The silver core is really just a large rivet. But I know from experience that treating this process the same way as adding a rivet to metal is a mistake; the length of the tubing that runs through the bead makes it prone to buckling and the hammering puts a lot of stress on the bead and it can break or crack.
Someone (sorry, I can't give credit because I don't know who it was!) posted in a forum on Lampwork, etc about how to make your own tool to add the silver core to a lampwork bead. I followed his basic instructions, and it didn't cost me anything at all because I had the materials laying around in the garage already.
I started with a large nut and bolt--this one is two and a quarter inches in length and a quarter inch in width on the threaded end.
I took the nut off of the bolt and measured down the threading about a quarter of an inch. That would give me enough room to use with a larger bead--one I would use for a focal bead. Then I used a bastard file to take the threading off and fit the silver tubing I had.

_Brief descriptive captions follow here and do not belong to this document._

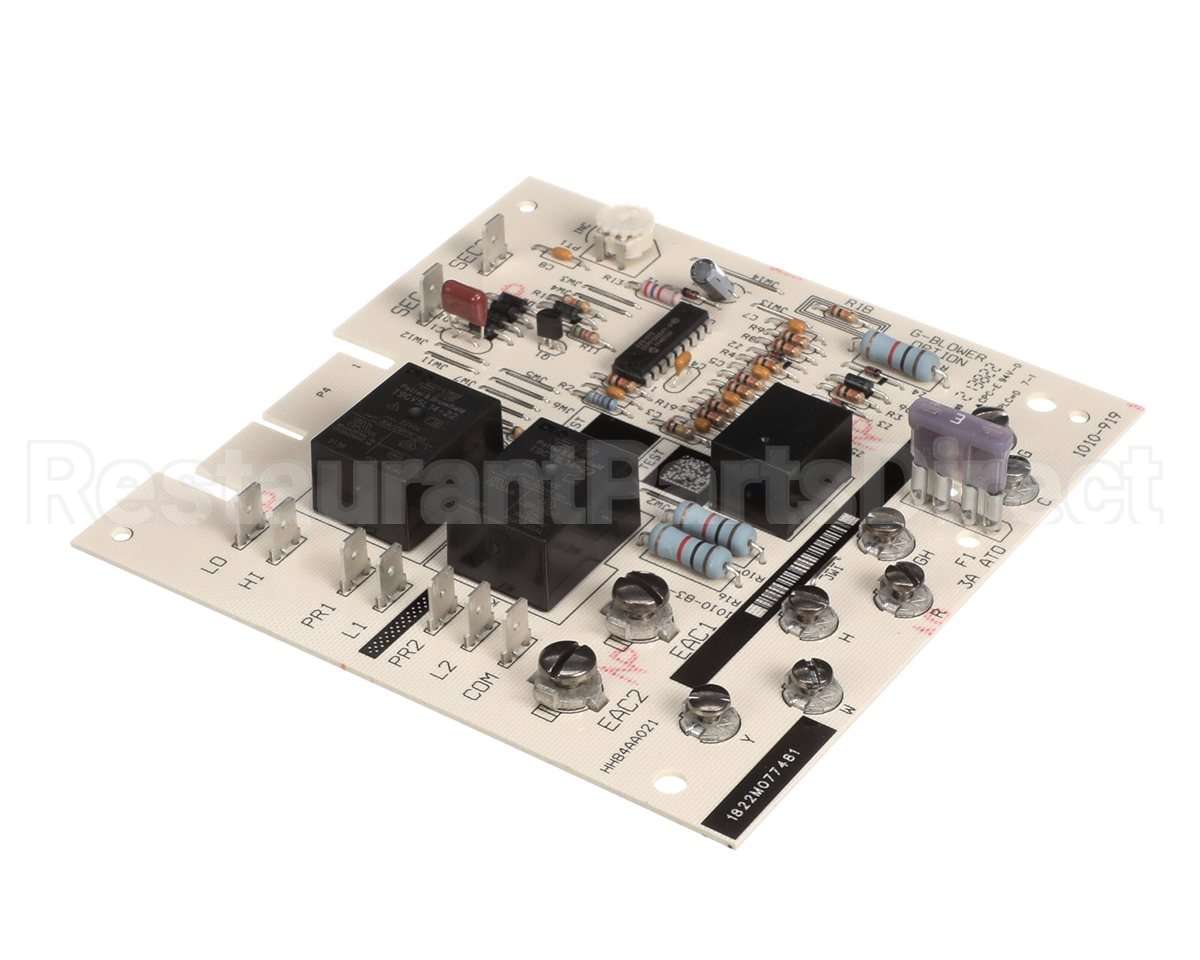 HH84AA021 Bryant Payne Main Circuit Board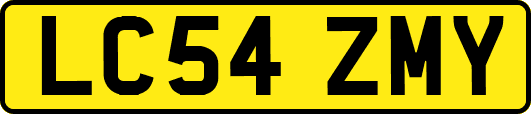 LC54ZMY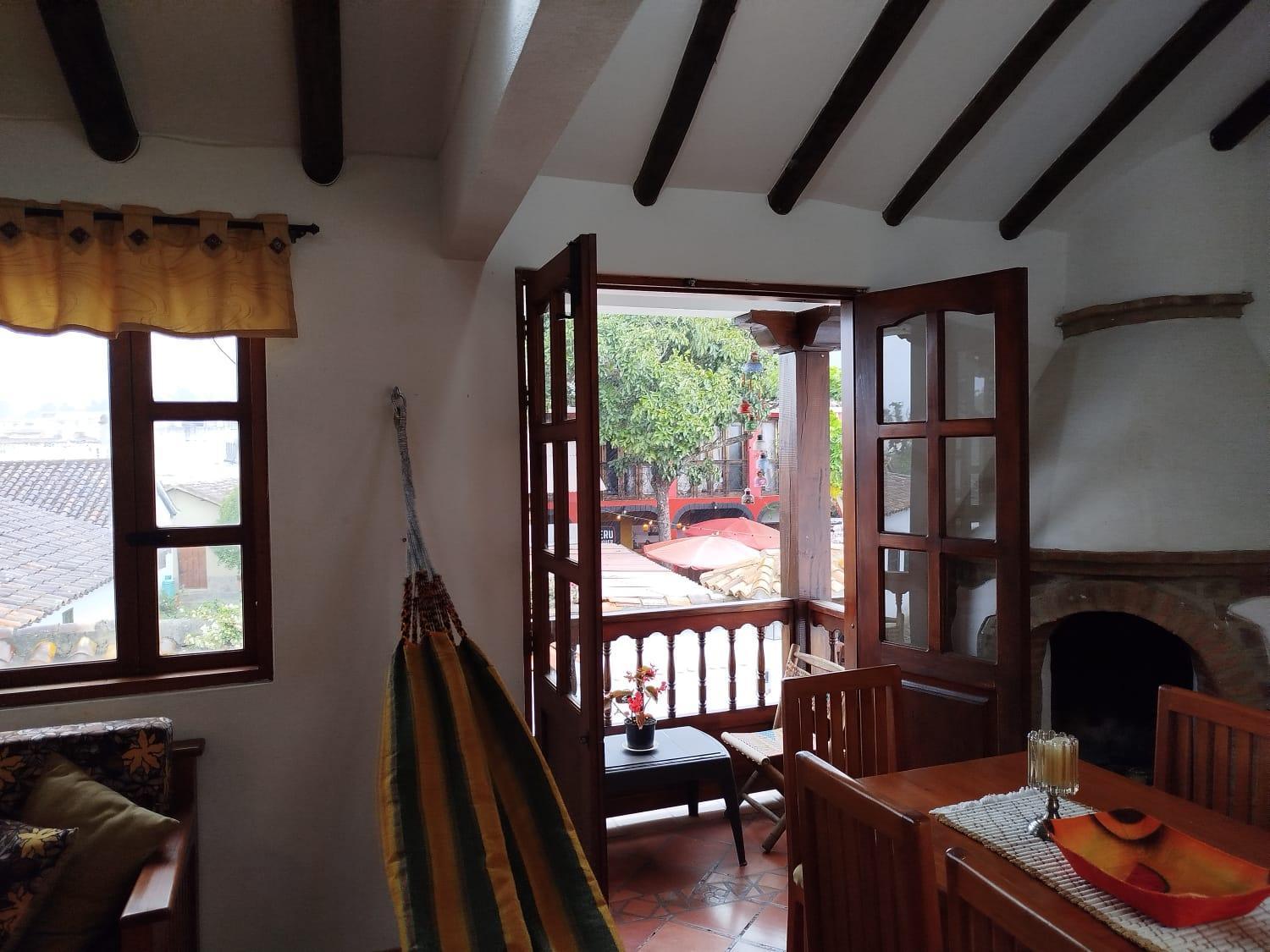 Balcones De La 2 *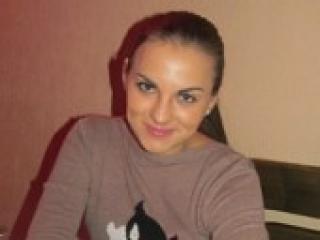 Erotický videochat iluziyamiss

That's it--the whole tool is a nut and bolt with the threading filed off.
Here it is in use:
First I measure the amount of silver tubing I will need to cut using the tube cutting jig:
I put the nut and bolt combination into my vise and added the tubing, then the bead.
The nut cradles the bottom of the bead to help keep it from breaking during the riveting.
It's still easy to chip the bead around the rivet, especially when the bead is off the nut/bolt and flat on a stainless steel block putting in those last few taps. If the hammer comes down a bit off center, it can take little chunks out of the bead close to the rivet.